Mais ce spectacle dégénère vite en rixe. On compte de nombreux morts et blessés dans le camp des Nucériens, qui portent plainte auprès du gouvernement local. Celui-ci constate que cette affaire dépasse ses compétences et s’en réfère à Rome, où il envoie les plaignants pour le besoin de l’enquête judiciaire.
Selon Tacite, le jugement de l’affaire est remis par l’empereur au Sénat, qui le transmet au consul. Telle est la procédure suivie par cette affaire. En fut-il ainsi de tous les conflits opposant les habitants de deux cités ?

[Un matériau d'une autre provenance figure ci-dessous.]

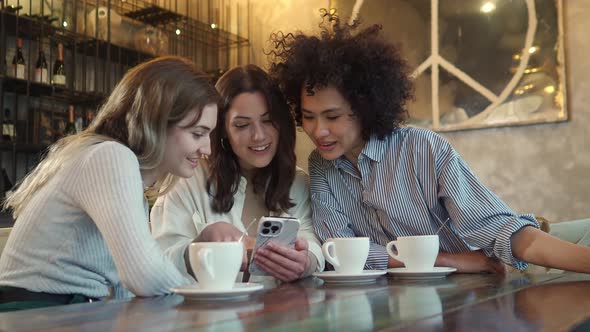 Three Multiethnic Young Women in a Coffee Shop Looking at the Phone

On serait tenté de répondre par l’affirmative : en effet, dans le cadre de réhabilitation du Sénat, Néron proposait, dans son discours-programme, entre autres choses, que l’Italie et les provinces du peuple romain, c’est-à-dire les provinces sénatoriales, devaient saisir la juridiction des consuls, laquelle jugeait en appel et pouvait renvoyer l’affaire au Sénat.
La mise en branle de cette procédure serait apparemment liée à l’éclatement des affaires dépassant le simple cadre d’une juridiction provinciale. C’est cette voie, normale, qu’avait sans doute prise l’affaire de l’émeute de Pompéi avant son renvoi par les consuls devant le Sénat. Ainsi, les sénateurs l’instruisirent et la menèrent à son terme.

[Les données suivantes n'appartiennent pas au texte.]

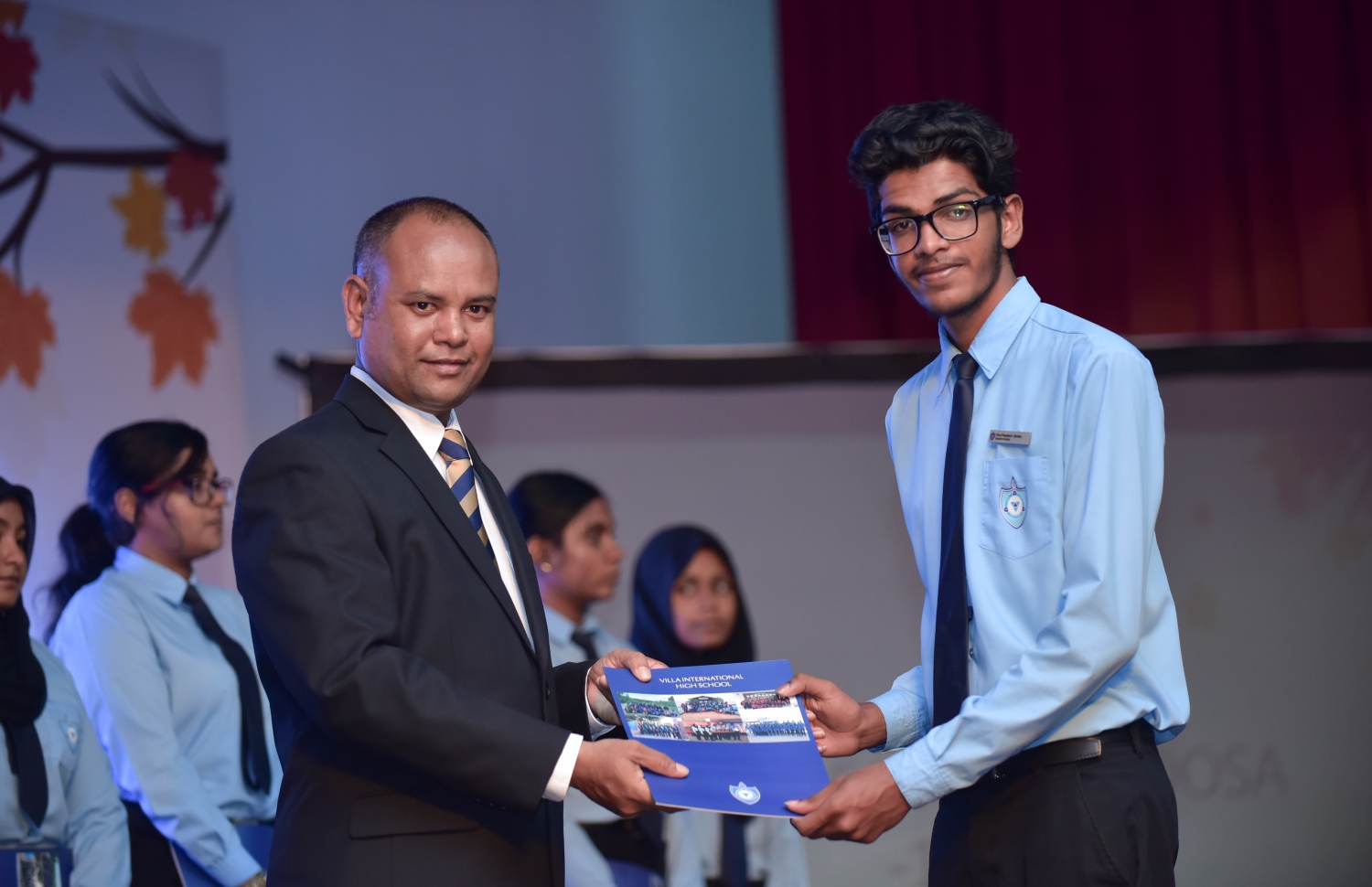 ވިލާ ހައި ސްކޫލުން ދަސްވެނިވި ދަރިވަރަަކަށް، އެ ސްކޫލުގެ ޑެޕިއުޓީ ޕްރިންސިޕަލް ނަޝީދު ސެޓްފިކެޓް ހަވާލުކޮށްދެއްވަނީ.-- ފޮޓޯ: ހުސެއިން ވަހީދު/ މިހާރު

Condamnations des émeutiers pompéiens
Les faits établis, les émeutiers furent tous reconnus coupables d’être à l’origine de la sédition et d’avoir donné des coups avec l’intention de nuire. Il s’ensuivit une série de sanctions lourdes contre eux. En premier lieu, les réunions publiques avec spectacles de gladiateurs furent interdites, à Pompéi, pour dix ans. En deuxième lieu, les duumviri furent remplacés. En troisième lieu, les associations illégales furent dissoutes pour mauvaise presse dans la Rome antique.
Les premiers empereurs les tenaient pour un repaire tout désigné de leurs opposants ou rivaux. Il leur fallait donc, à défaut de les contrôler, les interdire. En fin de compte, le Sénat suspendit les magistrats et exila l’organisateur du spectacle, Livineius Regulus, ainsi que les Campani. Toutes ces sanctions témoignent de la gravité des incidents et de la culpabilité de leurs auteurs. Que pouvons-nous retenir de cette affaire ?
Deux remarques s’imposent du point de vue juridique : primo, cette étude nous a révélé quelle procédure était d’application en cas de graves rivalités survenant entre provinciaux. En effet, la juridiction du gouvernement provincial saisissait celle de l’empereur à Rome; de celle-ci l’affaire passait à celle de sénateurs avant d’être confiée aux consuls.
Notons à cet effet l’attitude légaliste de l’empereur ; une attitude qui traduisait d’une certaine manière en actes l’une des orientations du règne, à savoir l’autonomie et la décentralisation de la justice, annoncée dans le discours d’investiture. On peut ainsi parler de la régularité de ce procès, marqué du reste par sa conformité à la loi en vigueur en matière de condamnation prononcée contre les fauteurs de troubles et les associations ou collegia.
Enfin, cet incident dramatique survenu lors d’un spectacle de gladiateurs à Pompéi permet de penser que la violence dans les sports n’est pas exclusivement un phénomène moderne, elle y était déjà présente au premier siècle de notre ère.